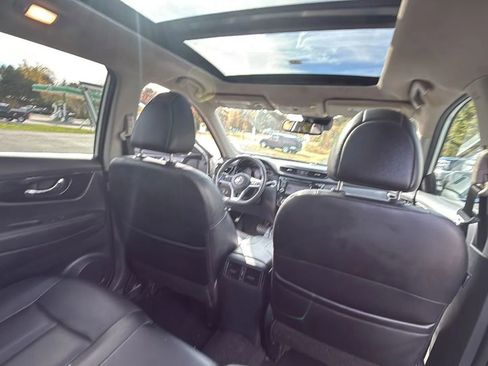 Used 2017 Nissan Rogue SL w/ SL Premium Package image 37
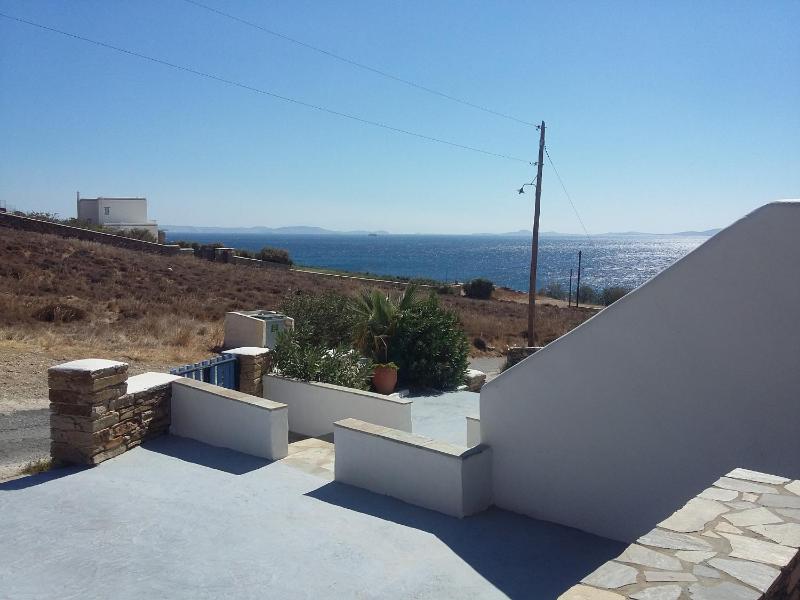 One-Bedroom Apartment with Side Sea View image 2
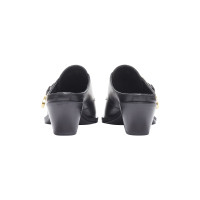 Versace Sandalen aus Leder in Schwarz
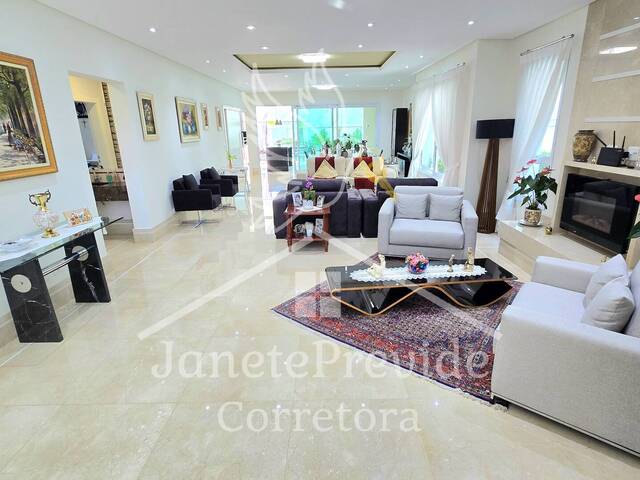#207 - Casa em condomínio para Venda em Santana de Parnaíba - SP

==

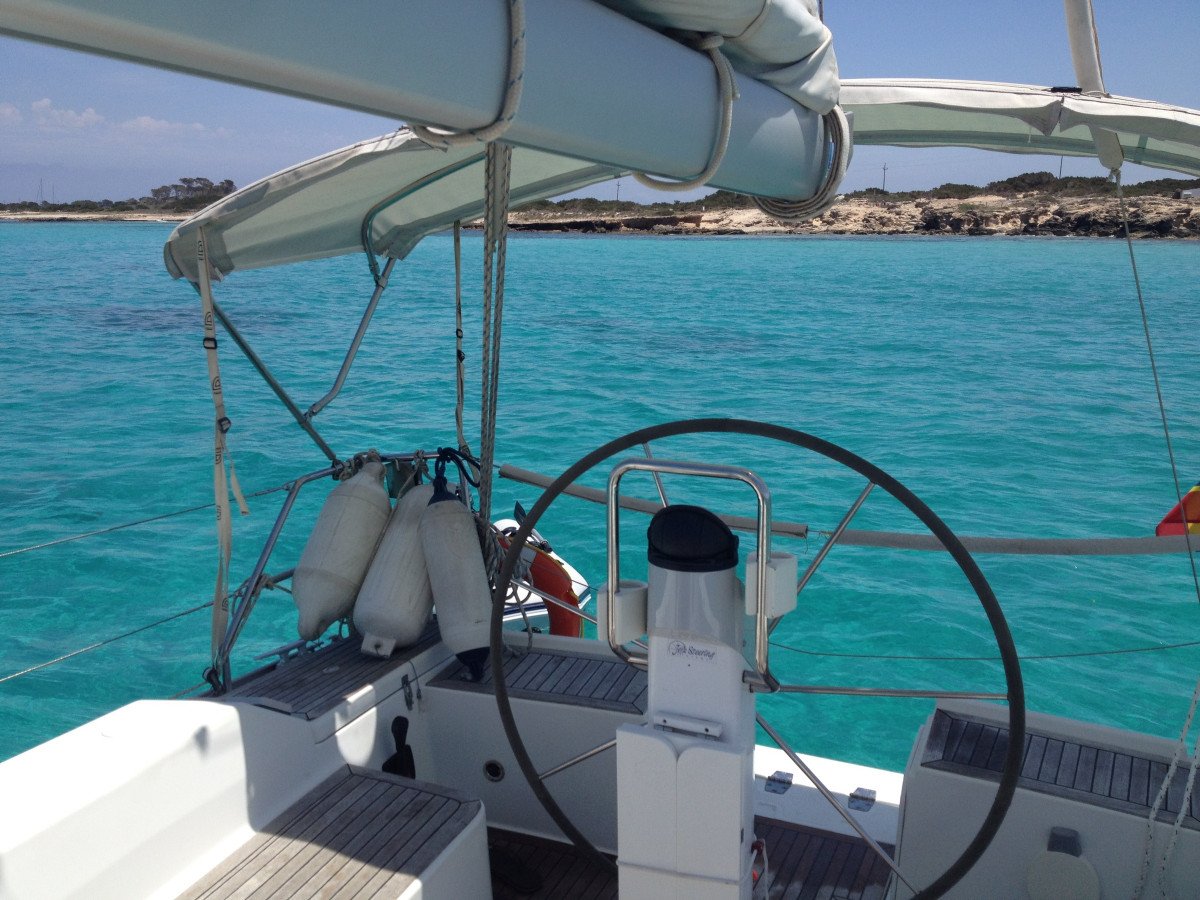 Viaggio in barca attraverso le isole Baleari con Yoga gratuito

** WHAT YOU ARE ASKED TO DO **
In the listing above, find the line with "Used 2017 Nissan" and the line with "#207 - Casa". Copy exactly those two and every line between, without the pictures.

** EXERCISE SOLUTION **
 Used 2017 Nissan Rogue SL w/ SL Premium Package image 37
 One-Bedroom Apartment with Side Sea View image 2
 Versace Sandalen aus Leder in Schwarz
#207 - Casa em condomínio para Venda em Santana de Parnaíba - SP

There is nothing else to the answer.